On Fri, Oct 2, 2020 at 5:14 PM Laurent Pinchart
<laurent.pinchart@xxxxxxxxxxxxxxxx> wrote:
>
> Hi Saravana,
>
> On Fri, Oct 02, 2020 at 12:56:30PM -0700, Saravana Kannan wrote:
> > On Fri, Oct 2, 2020 at 11:35 AM 'Grygorii Strashko' via kernel-team wrote:
> > > On 02/10/2020 21:27, Laurent Pinchart wrote:
> > > > On Fri, Oct 02, 2020 at 10:58:55AM -0700, Saravana Kannan wrote:
> > > >> On Fri, Oct 2, 2020 at 10:55 AM Laurent Pinchart wrote:
> > > >>> On Fri, Oct 02, 2020 at 10:51:51AM -0700, Saravana Kannan wrote:
> > > >>>> On Fri, Oct 2, 2020 at 7:08 AM Rob Herring <robh+dt@xxxxxxxxxx> wrote:
> > > >>>>> On Thu, Oct 1, 2020 at 5:59 PM Saravana Kannan <saravanak@xxxxxxxxxx> wrote:
> > > >>>>>>
> > > >>>>>> When commit 93d2e4322aa7 ("of: platform: Batch fwnode parsing when
> > > >>>>>> adding all top level devices") optimized the fwnode parsing when all top
> > > >>>>>> level devices are added, it missed out optimizing this for platform
> > > >>>>>> where the top level devices are added through the init_machine() path.
> > > >>>>>>
> > > >>>>>> This commit does the optimization for all paths by simply moving the
> > > >>>>>> fw_devlink_pause/resume() inside of_platform_default_populate().
> > > >>>>>>
> > > >>>>>> Reported-by: Tomi Valkeinen <tomi.valkeinen@xxxxxx>
> > > >>>>>> Signed-off-by: Saravana Kannan <saravanak@xxxxxxxxxx>
> > > >>>>>> ---
> > > >>>>>>   drivers/of/platform.c | 19 +++++++++++++++----
> > > >>>>>>   1 file changed, 15 insertions(+), 4 deletions(-)
> > > >>>>>>
> > > >>>>>> diff --git a/drivers/of/platform.c b/drivers/of/platform.c
> > > >>>>>> index 071f04da32c8..79972e49b539 100644
> > > >>>>>> --- a/drivers/of/platform.c
> > > >>>>>> +++ b/drivers/of/platform.c
> > > >>>>>> @@ -501,8 +501,21 @@ int of_platform_default_populate(struct device_node *root,
> > > >>>>>>                                   const struct of_dev_auxdata *lookup,
> > > >>>>>>                                   struct device *parent)
> > > >>>>>>   {
> > > >>>>>> -       return of_platform_populate(root, of_default_bus_match_table, lookup,
> > > >>>>>> -                                   parent);
> > > >>>>>> +       int ret;
> > > >>>>>> +
> > > >>>>>> +       /*
> > > >>>>>> +        * fw_devlink_pause/resume() are only safe to be called around top
> > > >>>>>> +        * level device addition due to locking constraints.
> > > >>>>>> +        */
> > > >>>>>> +       if (!root)
> > > >>>>>> +               fw_devlink_pause();
> > > >>>>>> +
> > > >>>>>> +       ret = of_platform_populate(root, of_default_bus_match_table, lookup,
> > > >>>>>> +                                  parent);
> > > >>>>>
> > > >>>>> of_platform_default_populate() vs. of_platform_populate() is just a
> > > >>>>> different match table.

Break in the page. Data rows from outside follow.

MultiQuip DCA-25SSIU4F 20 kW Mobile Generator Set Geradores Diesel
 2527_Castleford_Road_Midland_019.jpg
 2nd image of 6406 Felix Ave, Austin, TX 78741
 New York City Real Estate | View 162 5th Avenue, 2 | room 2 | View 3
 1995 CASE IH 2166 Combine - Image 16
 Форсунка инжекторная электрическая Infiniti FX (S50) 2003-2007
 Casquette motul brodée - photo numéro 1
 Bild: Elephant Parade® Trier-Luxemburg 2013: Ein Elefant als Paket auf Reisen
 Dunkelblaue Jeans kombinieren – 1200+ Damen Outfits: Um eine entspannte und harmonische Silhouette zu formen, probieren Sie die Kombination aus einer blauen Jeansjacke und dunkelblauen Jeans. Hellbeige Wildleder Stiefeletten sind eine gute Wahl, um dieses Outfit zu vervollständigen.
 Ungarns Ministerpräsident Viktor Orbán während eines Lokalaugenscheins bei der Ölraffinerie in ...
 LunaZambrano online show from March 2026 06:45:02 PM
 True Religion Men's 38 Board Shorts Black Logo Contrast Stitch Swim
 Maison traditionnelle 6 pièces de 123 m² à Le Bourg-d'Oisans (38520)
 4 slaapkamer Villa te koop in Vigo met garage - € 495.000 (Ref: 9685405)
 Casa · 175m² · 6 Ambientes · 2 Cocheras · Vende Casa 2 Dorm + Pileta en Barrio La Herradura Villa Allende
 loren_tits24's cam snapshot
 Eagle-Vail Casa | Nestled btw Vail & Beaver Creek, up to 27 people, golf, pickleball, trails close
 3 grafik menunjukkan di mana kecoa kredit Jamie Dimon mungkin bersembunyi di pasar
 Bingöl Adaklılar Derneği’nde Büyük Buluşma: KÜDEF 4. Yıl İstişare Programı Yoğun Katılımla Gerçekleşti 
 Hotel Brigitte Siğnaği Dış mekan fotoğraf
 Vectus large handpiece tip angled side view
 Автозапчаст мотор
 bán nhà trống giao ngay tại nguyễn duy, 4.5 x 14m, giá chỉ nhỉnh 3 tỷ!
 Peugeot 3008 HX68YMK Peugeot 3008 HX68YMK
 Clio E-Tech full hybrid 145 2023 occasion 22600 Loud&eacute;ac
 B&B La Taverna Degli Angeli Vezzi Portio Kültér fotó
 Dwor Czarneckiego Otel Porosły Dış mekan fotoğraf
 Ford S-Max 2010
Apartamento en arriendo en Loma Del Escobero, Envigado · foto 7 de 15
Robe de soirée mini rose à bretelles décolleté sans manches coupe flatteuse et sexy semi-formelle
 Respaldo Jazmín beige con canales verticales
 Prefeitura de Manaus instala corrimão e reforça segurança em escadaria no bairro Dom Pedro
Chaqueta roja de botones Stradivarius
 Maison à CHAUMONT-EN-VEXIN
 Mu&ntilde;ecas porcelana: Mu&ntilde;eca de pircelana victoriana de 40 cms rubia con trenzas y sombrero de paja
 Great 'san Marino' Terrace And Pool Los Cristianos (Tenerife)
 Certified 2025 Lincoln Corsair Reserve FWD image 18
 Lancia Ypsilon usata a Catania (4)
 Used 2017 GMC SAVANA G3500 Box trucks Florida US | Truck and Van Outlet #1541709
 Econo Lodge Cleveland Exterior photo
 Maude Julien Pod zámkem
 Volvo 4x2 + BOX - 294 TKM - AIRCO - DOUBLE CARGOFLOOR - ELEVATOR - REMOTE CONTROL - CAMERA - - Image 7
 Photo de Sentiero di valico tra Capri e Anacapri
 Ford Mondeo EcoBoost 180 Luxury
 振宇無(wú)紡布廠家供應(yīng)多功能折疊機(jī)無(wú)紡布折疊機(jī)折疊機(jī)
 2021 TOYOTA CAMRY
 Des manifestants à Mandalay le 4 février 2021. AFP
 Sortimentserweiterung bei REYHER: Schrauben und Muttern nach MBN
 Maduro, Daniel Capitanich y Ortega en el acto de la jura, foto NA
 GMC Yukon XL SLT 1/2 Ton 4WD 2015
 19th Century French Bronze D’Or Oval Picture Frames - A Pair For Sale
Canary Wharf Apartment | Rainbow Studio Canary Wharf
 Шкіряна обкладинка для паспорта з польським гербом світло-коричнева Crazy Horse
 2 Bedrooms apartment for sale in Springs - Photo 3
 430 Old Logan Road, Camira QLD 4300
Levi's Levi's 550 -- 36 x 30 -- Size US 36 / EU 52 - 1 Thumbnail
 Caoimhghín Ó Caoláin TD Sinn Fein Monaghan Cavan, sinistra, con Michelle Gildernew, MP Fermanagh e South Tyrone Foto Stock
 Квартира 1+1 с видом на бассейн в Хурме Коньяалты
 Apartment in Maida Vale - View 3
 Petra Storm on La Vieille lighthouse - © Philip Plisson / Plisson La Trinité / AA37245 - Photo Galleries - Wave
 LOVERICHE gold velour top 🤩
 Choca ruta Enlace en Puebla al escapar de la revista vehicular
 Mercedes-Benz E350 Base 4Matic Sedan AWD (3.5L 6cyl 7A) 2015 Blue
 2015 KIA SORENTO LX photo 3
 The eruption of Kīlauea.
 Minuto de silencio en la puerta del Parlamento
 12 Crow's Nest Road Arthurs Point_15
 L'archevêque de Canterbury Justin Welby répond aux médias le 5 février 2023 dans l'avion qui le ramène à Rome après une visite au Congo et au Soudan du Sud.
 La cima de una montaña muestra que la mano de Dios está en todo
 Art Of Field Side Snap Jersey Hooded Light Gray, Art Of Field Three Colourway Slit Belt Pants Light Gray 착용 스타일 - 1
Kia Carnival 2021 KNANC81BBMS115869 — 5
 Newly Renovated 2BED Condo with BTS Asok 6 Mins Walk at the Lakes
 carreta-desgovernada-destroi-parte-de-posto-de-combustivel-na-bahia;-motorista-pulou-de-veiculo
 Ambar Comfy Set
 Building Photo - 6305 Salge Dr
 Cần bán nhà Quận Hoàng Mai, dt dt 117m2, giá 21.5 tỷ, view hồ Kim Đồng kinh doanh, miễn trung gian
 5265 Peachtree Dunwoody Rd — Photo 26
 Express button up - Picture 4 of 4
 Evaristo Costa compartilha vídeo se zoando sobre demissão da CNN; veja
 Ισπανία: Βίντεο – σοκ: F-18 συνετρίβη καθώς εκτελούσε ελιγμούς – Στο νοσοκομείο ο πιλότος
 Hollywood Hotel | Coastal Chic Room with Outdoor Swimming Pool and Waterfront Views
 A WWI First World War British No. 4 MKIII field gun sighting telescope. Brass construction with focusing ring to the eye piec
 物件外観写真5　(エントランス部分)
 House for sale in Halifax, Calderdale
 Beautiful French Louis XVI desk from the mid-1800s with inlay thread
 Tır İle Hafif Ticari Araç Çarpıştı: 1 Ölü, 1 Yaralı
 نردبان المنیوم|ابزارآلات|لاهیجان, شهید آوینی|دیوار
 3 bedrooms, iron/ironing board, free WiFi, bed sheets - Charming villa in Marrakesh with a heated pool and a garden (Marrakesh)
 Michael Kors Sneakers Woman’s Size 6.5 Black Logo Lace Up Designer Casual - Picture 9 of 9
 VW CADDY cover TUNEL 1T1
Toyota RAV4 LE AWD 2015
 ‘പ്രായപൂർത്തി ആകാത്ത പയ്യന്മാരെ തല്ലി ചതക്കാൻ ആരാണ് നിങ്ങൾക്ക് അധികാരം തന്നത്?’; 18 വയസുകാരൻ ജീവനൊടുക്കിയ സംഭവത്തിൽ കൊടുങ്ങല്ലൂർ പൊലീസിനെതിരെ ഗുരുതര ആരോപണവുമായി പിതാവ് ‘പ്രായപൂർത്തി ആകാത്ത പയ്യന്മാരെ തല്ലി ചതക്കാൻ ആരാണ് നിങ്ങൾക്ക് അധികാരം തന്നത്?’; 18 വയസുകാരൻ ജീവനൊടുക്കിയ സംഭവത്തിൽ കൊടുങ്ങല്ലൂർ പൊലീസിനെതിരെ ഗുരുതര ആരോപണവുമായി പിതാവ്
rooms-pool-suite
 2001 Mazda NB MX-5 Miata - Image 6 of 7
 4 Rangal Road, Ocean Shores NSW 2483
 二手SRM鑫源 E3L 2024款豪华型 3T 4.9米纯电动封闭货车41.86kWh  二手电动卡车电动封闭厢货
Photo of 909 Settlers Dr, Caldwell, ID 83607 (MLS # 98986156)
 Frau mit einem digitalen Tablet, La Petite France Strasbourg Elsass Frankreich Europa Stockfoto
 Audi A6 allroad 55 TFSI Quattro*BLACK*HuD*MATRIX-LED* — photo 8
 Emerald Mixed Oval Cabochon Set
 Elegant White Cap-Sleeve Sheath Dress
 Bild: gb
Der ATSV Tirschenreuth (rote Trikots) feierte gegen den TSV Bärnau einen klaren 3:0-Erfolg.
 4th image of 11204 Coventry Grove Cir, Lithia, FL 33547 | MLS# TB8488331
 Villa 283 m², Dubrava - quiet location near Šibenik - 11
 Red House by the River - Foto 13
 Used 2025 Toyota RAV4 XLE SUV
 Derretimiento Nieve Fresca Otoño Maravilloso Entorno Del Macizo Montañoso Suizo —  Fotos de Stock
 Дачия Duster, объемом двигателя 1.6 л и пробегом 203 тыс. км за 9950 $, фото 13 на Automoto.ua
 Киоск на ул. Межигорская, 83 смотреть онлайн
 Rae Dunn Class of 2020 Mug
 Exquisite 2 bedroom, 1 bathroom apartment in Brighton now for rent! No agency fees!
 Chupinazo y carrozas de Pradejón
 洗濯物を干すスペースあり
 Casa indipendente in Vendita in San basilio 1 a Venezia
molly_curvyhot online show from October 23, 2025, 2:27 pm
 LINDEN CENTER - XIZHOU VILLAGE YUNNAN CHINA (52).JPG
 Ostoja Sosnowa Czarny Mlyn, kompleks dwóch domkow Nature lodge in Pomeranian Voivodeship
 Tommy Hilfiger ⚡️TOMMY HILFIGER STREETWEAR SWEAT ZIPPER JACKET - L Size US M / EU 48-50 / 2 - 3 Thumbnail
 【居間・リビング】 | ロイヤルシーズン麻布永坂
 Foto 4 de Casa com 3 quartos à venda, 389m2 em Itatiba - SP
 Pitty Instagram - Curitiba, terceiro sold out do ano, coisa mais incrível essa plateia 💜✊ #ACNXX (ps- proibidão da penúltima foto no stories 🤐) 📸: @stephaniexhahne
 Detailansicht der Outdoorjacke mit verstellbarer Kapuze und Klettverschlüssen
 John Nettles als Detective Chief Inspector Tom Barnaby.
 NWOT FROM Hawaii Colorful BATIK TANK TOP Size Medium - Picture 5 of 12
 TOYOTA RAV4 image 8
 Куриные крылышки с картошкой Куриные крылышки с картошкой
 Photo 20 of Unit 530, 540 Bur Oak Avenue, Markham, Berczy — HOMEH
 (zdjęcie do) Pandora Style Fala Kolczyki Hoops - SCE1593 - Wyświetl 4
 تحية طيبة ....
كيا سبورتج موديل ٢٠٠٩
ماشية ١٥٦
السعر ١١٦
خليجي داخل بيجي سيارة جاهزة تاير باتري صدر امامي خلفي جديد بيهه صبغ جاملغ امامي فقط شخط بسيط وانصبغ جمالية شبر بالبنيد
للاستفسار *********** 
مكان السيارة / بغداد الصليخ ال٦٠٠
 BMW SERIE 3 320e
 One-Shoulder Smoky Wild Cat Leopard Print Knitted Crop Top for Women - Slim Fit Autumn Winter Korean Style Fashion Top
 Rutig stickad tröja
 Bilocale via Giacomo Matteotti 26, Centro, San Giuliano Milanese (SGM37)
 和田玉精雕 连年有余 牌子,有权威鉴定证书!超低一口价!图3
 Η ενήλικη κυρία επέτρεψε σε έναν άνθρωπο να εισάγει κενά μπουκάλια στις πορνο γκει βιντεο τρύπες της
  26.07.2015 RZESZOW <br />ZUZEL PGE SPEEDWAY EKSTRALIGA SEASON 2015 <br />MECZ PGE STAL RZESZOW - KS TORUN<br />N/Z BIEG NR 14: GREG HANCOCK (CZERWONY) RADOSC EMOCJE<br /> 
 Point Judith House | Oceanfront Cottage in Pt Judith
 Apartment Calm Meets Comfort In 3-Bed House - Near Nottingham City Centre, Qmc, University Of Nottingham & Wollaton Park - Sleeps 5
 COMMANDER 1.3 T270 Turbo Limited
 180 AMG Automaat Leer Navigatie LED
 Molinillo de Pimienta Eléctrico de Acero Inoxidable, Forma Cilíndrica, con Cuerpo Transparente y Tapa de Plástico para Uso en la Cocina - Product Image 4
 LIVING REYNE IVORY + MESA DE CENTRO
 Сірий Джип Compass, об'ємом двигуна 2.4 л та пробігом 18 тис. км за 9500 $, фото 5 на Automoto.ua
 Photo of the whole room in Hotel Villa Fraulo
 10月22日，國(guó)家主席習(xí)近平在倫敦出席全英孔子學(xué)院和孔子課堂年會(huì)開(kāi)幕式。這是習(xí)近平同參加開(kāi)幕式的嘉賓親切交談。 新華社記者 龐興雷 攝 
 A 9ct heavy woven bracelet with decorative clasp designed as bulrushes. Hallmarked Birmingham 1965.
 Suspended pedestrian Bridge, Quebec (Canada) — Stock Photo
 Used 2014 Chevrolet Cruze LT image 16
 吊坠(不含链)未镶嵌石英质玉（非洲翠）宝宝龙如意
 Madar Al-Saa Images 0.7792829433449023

I don't think the behavior should otherwise be
> > > >>>>> different.
> > > >>>>>
> > > >>>>> There's also of_platform_probe() which has slightly different matching
> > > >>>>> behavior. It should not behave differently either with respect to
> > > >>>>> devlinks.
> > > >>>>
> > > >>>> So I'm trying to do this only when the top level devices are added for
> > > >>>> the first time. of_platform_default_populate() seems to be the most
> > > >>>> common path. For other cases, I think we just need to call
> > > >>>> fw_devlink_pause/resume() wherever the top level devices are added for
> > > >>>> the first time. As I said in the other email, we can't add
> > > >>>> fw_devlink_pause/resume() by default to of_platform_populate().
> > > >>>>
> > > >>>> Do you have other ideas for achieving "call fw_devlink_pause/resume()
> > > >>>> only when top level devices are added for the first time"?
> > > >>>
> > > >>> I'm not an expert in this domain, but before investigating it, would you
> > > >>> be able to share a hack patch that implements this (in the most simple
> > > >>> way) to check if it actually fixes the delays I experience on my system
> > > >>> ?
> > > >>
> > > >> So I take it the patch I sent out didn't work for you? Can you tell me
> > > >> what machine/DT you are using?
> > > >
> > > > I've replied to the patch:
> > > >
> > > > Based on v5.9-rc5, before the patch:
> > > >
> > > > [    0.652887] cpuidle: using governor menu
> > > > [   12.349476] No ATAGs?
> > > >
> > > > After the patch:
> > > >
> > > > [    0.650460] cpuidle: using governor menu
> > > > [   12.262101] No ATAGs?
> > > >
> > > > I'm using an AM57xx EVM, whose DT is not upstream, but it's essentially
> > > > a am57xx-beagle-x15-revb1.dts (it includes that DTS) with a few
> > > > additional nodes for GPIO keys, LCD panel, backlight and touchscreen.
> > > >
> > >
> > > hope you are receiving my mails as I've provided you with all required information already [1]
> >
> > Laurent/Grygorii,
> >
> > Looks like I'm definitely missing emails. Sorry about the confusion.
> >
> > I have some other urgent things on my plate right now. Is it okay if I
> > get to this in a day or two? In the end, we'll find a solution that
> > addresses most/all of the delay.
>
> No issue on my side.

Hi Laurent,

Sorry it took awhile for me to get back to this.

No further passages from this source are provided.